Based on the paper 2603.01298 on adaptive volatility control, position sizes are ATR-driven:

position_pct = (risk_per_trade_pct) / (atr_pct * atr_multiplier)

In practice:

SPY (ATR ~1.3%) → ~77% max position (capped at 15%)
NVDA (ATR ~3.6%) → ~28% max position
TSLA (ATR ~3.7%) → ~27% max position

High volatility = smaller position. Simple, but it works.

Backtest Results

Before deploying, I ran 5-year backtests (2020–2025) on SPY to validate strategy selection:

Strategy	Annual Return	Sharpe	vs Buy&Hold
ATR Trend Following	113%	0.68	+14pp
RSI Mean Reversion	67%	0.41	-32pp
MACD Momentum	71%	0.44	-28pp
Buy & Hold SPY	99%	0.61	baseline

Only ATR trend-following beat passive SPY over 5 years. RSI and MACD — the two most popular retail indicators — both underperformed doing nothing.

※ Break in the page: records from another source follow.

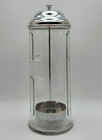 Vintage Tablecraft Glass Straw Holder Dispenser Chrome Metal Lid 11 Inch Heavy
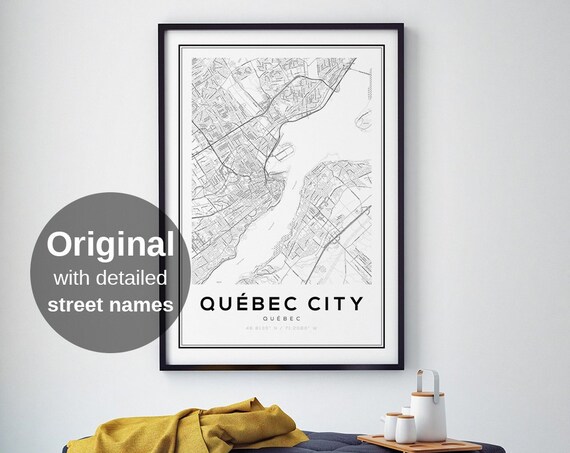 City Map Art Print, Modern Black and White Travel Poster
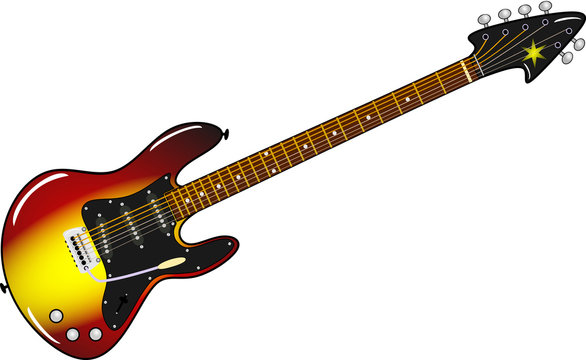 E-Gitarre in Sunburst mit schwarzem Pickguard und Rosewoodgriffbrett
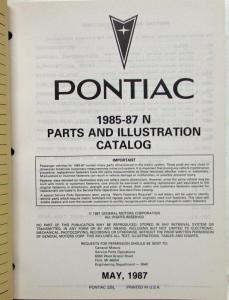 1985-1987 Pontiac Grand Am Parts and Illustration Catalog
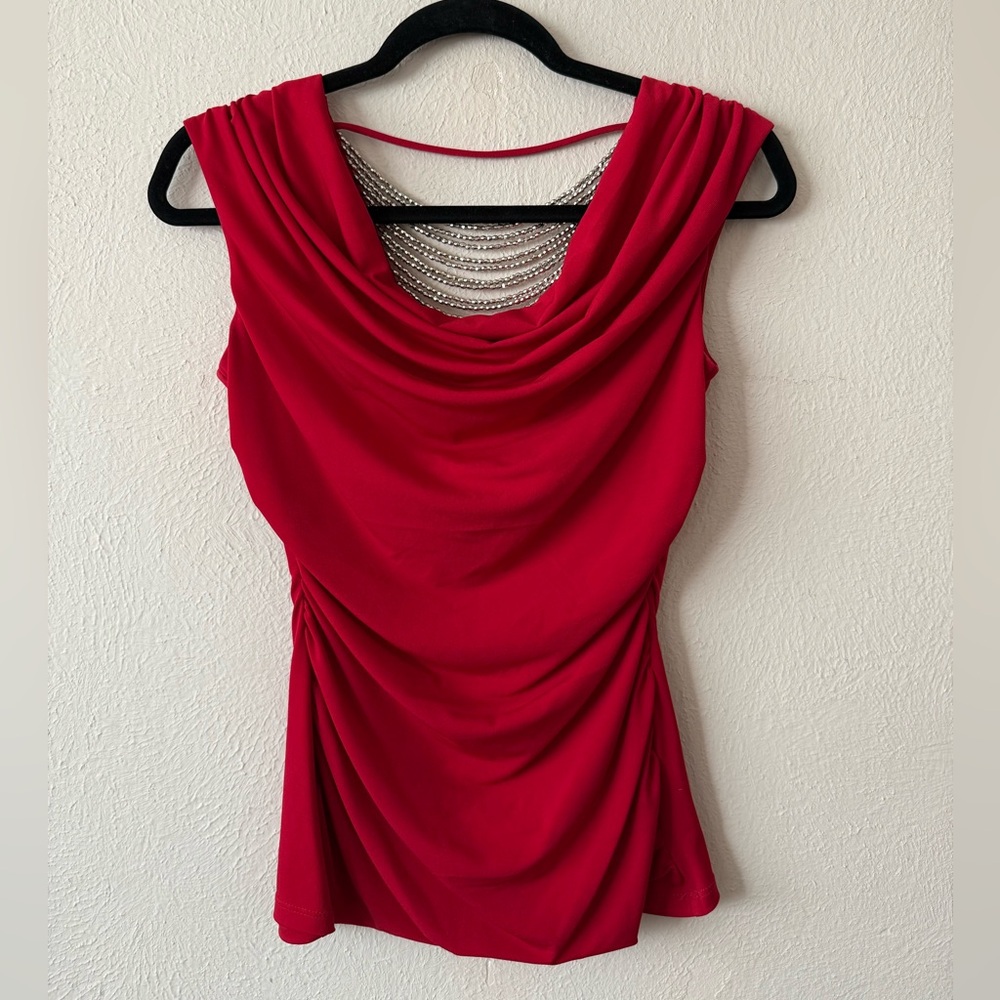 Cisco Red Draped Blouse with Chain Detail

The recommended allocation based on this:

40% core Buy & Hold (SPY/QQQ)
40% ATR trend strategy
20% cash (opportunistic + smart money plays)

Stack

Trading API: Alpaca (paper trading, $100k virtual)
Data: yfinance for historical, Alpaca data API for live bars
Analysis: pandas, numpy, ta (technical analysis library)
Backtesting: vectorbt, backtrader
LLM debate: Claude CLI (falls back to rules engine if unavailable)
Infra: OpenClaw cron jobs, Discord channel notifications
Language: Python 3.11 (mamba conda env)

Lessons Learned

Data integrity first. The system refused its first simulated trade because price data returned $0. That's a feature, not a bug. Never let a bad data pipeline move real money.

RSI is overrated for momentum stocks. TSLA at RSI 29 doesn't mean it's about to bounce — it might just be starting a real downtrend. The backtest confirmed this: RSI mean reversion consistently underperformed.

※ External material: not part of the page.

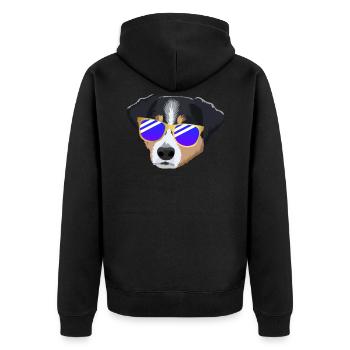 Appenzeller Sennenhund avec des lunettes de soleil - Veste à capuche bio Premium Unisexe - noir - Dos - Nico (187cm)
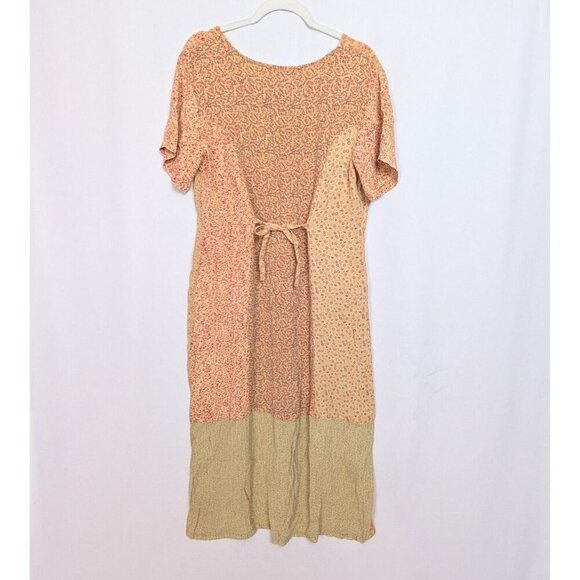 Vintage 90 Y2K Scared Threads XL Midi Dress Patchwork Floral Tie Back Bohemian - Picture 2 of 11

The debate adds latency but catches things. Running two LLM calls before every trade adds ~10 seconds. In exchange, you get a written record of why each decision was made. For a paper trading experiment, that's valuable.

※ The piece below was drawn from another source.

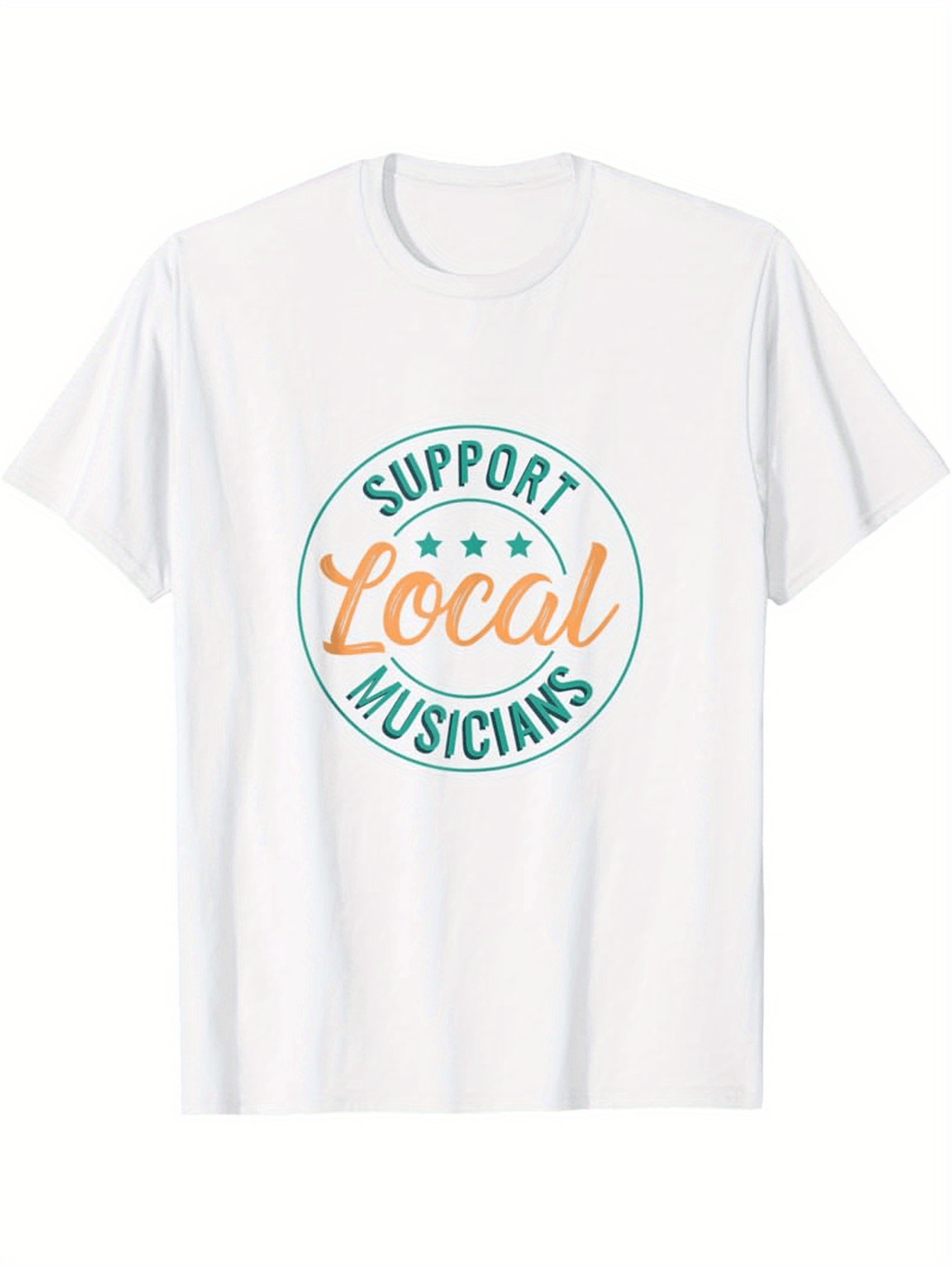 Men's Graphic T-Shirt Support Local Musicians Retro Circular Lettered Badge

13F and congressional filings are the cleanest signals. Form 4 is noisy (too many option exercises and RSU grants). Congressional trades are weird but real — members of Congress have historically outperformed the market significantly. Make of that what you will.

What's Next

Fix data pipeline so ATR analysis actually works in live mode
One month of paper trading before touching real capital
Evaluate VSN+LSTM model (arXiv 2603.01820) as a signal layer replacement — current SOTA for financial time series
Real options flow data (Unusual Whales) once paper results look promising

Source code is private for now — might open-source the non-trading-logic pieces later.